Concho shares had managed to recover somewhat in the second half of last year and by the start of January had filled in most of that gap from the first of August with a 46% rally. However, through the start of this week, they’d dipped again and were down 20% from January’s peak recovery level. Wednesday’s action and management’s signals should do a lot to keep the stock on good terms with investors.
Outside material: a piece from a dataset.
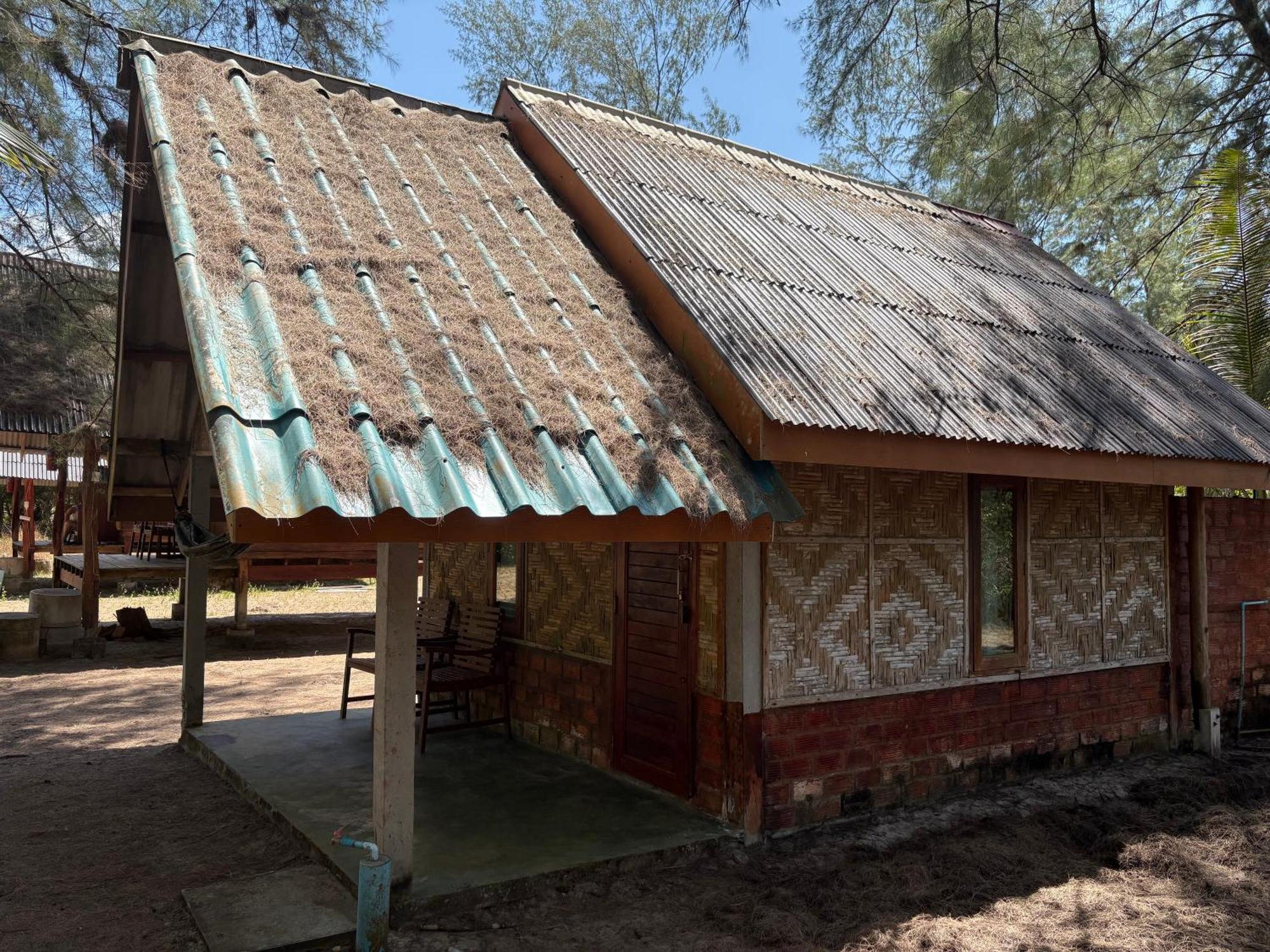 Rakkan Resort Ko Phra Thong Exterior photo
The company’s CEO, Tim Leach, spoke in detail about his plans to continue delivering returns to investors in the coming quarters; “During the fourth quarter, we delivered strong operational and financial performance, with oil volumes exceeding our guidance range and cash flow from operations totaling $801 million, excluding working capital changes. Our strategic priorities are to grow margins, grow free cash flow, grow distributions and advance our sustainability progress. We are off to a strong start with a disciplined, returns-focused capital program that is expected to increase oil production 10% to 12% year over year on a pro forma basis for asset sales. The capital program also enables us to strengthen distributions to shareholders, with a 60% increase to our quarterly dividend. With improving capital efficiency and a strong foundation of high-margin drilling opportunities, Concho is well-positioned to deliver strong returns for investors.”
Compared to Peers
For an industry that’s been under serious pressure in recent years, Concho’s stock is performing relatively well compared to many of its energy peers. For example, Whiting Petroleum has been unable to arrest the slide that started last July and its shares are down 80% in that time while Concho’s are only down 14%. Compared to many of the big energy names, Concho can hold its head high with a 530% increase in its stock since it IPO’d in 2007. In the same timeframe Chevron (NYSE: CVX) is only up 36%, ConocoPhillips (NYSE: COP) is flat and Exxon (NYSE: XOM) is down 25%. Many other energy names have gone out of business or are on the way out as suppressed energy prices have wreaked havoc with margins and profits.
For now, at least, Concho seems to be weathering the storm as well as any of them and better than most. With management raising the dividend, even with oil prices down 60% from 2008’s high, investors can consider getting involved with a degree of confidence that’s lacking in many other names.